= Informal empire =

Spheres of influence of an empire arising without formal annexation

The term informal empire describes the spheres of influence which a polity may develop that translate into a degree of influence over a region or country, which is not a formal colony, protectorate, tributary, or vassal state of an empire, as a result of its commercial, strategic, or military interests.

In a 2010 article, Gregory Barton and Brett Bennett defined informal empire as:

A willing and successful attempt by commercial and political elites to control a foreign region, resource, or people. The means of control included the enforcement of extraterritorial privileges and the threat of economic and political sanctions, often coupled with the attempt to keep other would-be imperial powers at bay. For the term "informal empire" to be applicable, we argue, historians have to show that one nation's elite or government exerted extraterritorial legal control, de facto economic domination, and was able to strongly influence policies in a foreign country critical to the more powerful country's interests.

An informal empire may assume a primarily economic guise, or it may be enforced by gunboat diplomacy.
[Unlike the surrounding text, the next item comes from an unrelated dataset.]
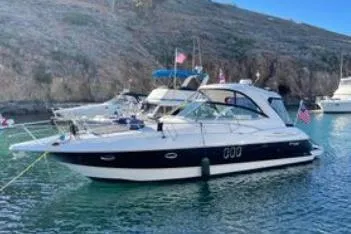 Slide: The Image of 2005 Cruisers 420 yacht docked in a scenic harbor with other boats. - 63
Strategic considerations or other concerns may bring about the creation of an imperial influence over a region not formally a component of an empire.

==Origins==
The city-state of Athens exerted control over the Delian League through an informal empire in the 5th century BCE. According to historian Jeremy Black, the role of chartered companies such as the Muscovy Company, the Levant Company, the East India Company and the Hudson's Bay Company, which operated beyond official state channels, was a forerunner to the concept of "informal empire".

==United Kingdom==

The concept of an informal empire is most commonly associated with the British Empire, where it is used to describe the extensive reach of British interests into regions and nations not formally under Britain's control. Among the most notable elements of the British informal empire was Britain's trade relationships with Qing China and South America. Britain's informal empire consisted primarily of three elements: extraterritoriality, a trade system that heavily favoured Britain and interventionist tools such as military force and diplomatic pressure. Several unequal treaties were signed between Britain and China, resulting in concessions being established in Chinese port cities, such as the Shanghai International Settlement. This system broke down after the fragmentation of China during the Warlord Era, leading Britain and other Western powers to be unable to effectively enforce their privileges in mainland China.

Historians have noted Britain's informal empire differed between different regions. The informal empire in China was established only in the aftermath of the Opium Wars, and was maintained through military force and diplomatic pressure. Developments in the 1890s led to a shift from more informal to more formal control at the turn of the century, with the establishment of more concessions and the carving of spheres of influence. These rights were returned during the Second World War so that China would continue resisting Japan. Conversely, the informal empire in South America was supported by local governments were often willing partners in the extension of British commercial influence, though military action was sometimes taken against nations which maintained protectionist policies. A report from the British General Staff declared that the British military intervention in the Russian Civil War on behalf of the White Army was motivated in part by a desire to establish an informal empire of political influence and economic ties in Southern Russia, to deny Germany access to these assets and block their passage to British colonies in Asia.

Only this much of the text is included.